Note that our prediction values falling between 0 and 1 will produce a probability; however, since we will be running the model on entire seasons rather than individual weeks, the players with the highest probability  as predicted by the model in a week per conference will be deemed as the predicted winners by the model. Another way of saying this is that we care about the rank value of the probability in the week, rather than the probability value itself. 

Our next steps will involve preparing the data in order to perform joins and define our variables in the code as they're described above. Recall that the NBA Player of the Week is awarded to one player for each conference, so we will need multiple levels of granularity between the data that we will be joining.

In [None]:
#Create a flag indicating whether the player played or not for the box score data
trad_bs_data['played'] = [True if x > 0 else False for x in trad_bs_data['MIN']]
adv_bs_data['played'] = [True if x > 0 else False for x in adv_bs_data['MIN']]

#Define player conference across the box score datasets
East = ['IND', 'ORL', 'CHI', 'MIA', 'BKN', 'CLE', 'PHI', 'BOS', 'TOR', 'DET', 'WAS', 'MIL', 'NYK', 'CHA', 'ATL']
trad_bs_data['conference'] = ['East' if x in East else 'West' for x in trad_bs_data['team']]
adv_bs_data['conference'] = ['East' if x in East else 'West' for x in adv_bs_data['team']]
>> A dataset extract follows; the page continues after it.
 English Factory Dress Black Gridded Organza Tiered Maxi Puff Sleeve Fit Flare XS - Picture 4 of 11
#Create unique ID using 'week ending', 'conference', and 'player'
potw_data['id'] = potw_data['week ending'].astype(str) + ":" + potw_data['Conference'] + ":" + potw_data['Player']
trad_bs_data['id'] = trad_bs_data['week ending'].astype(str) + ":" +  trad_bs_data['conference'] + ":" + trad_bs_data['player']
adv_bs_data['id'] = adv_bs_data['week ending'].astype(str) + ":" + adv_bs_data['conference'] + ":" + adv_bs_data['player']

trad_bs_data['team id'] = trad_bs_data['week ending'].astype(str) + ":" +  trad_bs_data['team']
trad_bs_data['conf id'] = trad_bs_data['week ending'].astype(str) + ":" +  trad_bs_data['conference']
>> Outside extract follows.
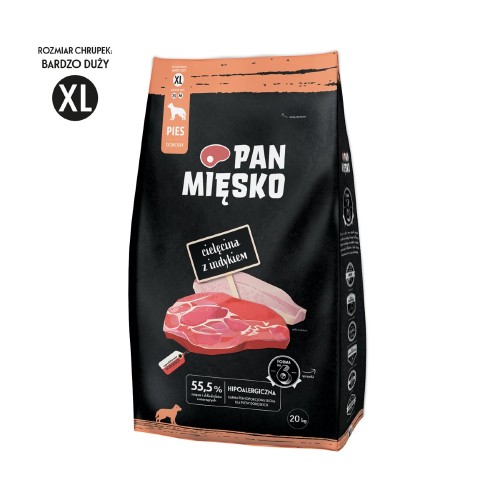 Pan Mięsko Cielęcina z Indykiem 20 kg z oznaczeniem bardzo dużego rozmiaru chrupek XL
#Create a dataframe to determine the number of games played per team downstream
team_data = trad_bs_data.loc[:,['team id','team','week ending', 'gameid']]

#Create a dataframe to determine the max games played by a team in the week
conf_data = trad_bs_data.loc[:,['conf id', 'week ending', 'conference', 'team', 'gameid']]

## 4. Aggregating Our Data and Further Data Prep

We now need to convert our game-level data (our box scores) into weekly aggregate stats in order to properly compare players to one another to predict the award winners. Additionally, we will need to create groupby objects with number of games played per team and the highest number of games played by a Eastern Conference / Western Conference team per week. From there, we will need to join our dataframes together to have full information for every player each week:


In [None]:
#Perform a groupby on the box score datasets
trad_bs_data = trad_bs_data.groupby(['id', 'week starting', 'week ending', 'team', 'conference', 'team id', 'conf id']).agg({'MIN':'sum', 'PTS':'sum', 'FGM':'sum', 'FGA':'sum','3PM':'sum','3PA':'sum', 'FTM':'sum', 'FTA':'sum','OREB':'sum', 'DREB':'sum','AST':'sum','STL':'sum','BLK':'sum','TOV':'sum','PF':'sum','win':'sum','played':'sum'})
adv_bs_data = adv_bs_data.groupby(['id', 'week starting', 'week ending', 'team', 'conference']).agg({'OFFRTG':'mean', 'DEFRTG':'mean', 'NETRTG':'mean', 'AST%':'mean','OREB%':'mean','DREB%':'mean', 'REB%':'mean', 'TS%':'mean','USG%':'mean', 'PIE':'mean'})
team_data = team_data.groupby(['team id', 'team', 'week ending']).nunique('gameid')
conf_data = conf_data.groupby(['conf id', 'conference', 'week ending', 'team']).agg({'gameid':'nunique'})

conf_data.sort_values(by=['week ending', 'conference', 'gameid'], ascending=[True, True, False], inplace=True)
conf_data = conf_data.groupby(['conf id', 'conference', 'week ending']).first()

#Remove multiindex from the groupbys
trad_bs_data = trad_bs_data.reset_index()
adv_bs_data = adv_bs_data.reset_index()
team_data = team_data.reset_index()
conf_data = conf_data.reset_index()

#Remove 'team' and 'week ending' from the team data df
team_data.drop(['team', 'week ending'], axis=1, inplace=True)
conf_data.drop(['conference','week ending'], axis=1, inplace=True)
conf_data.rename(columns={'gameid':'max_games'}, inplace=True)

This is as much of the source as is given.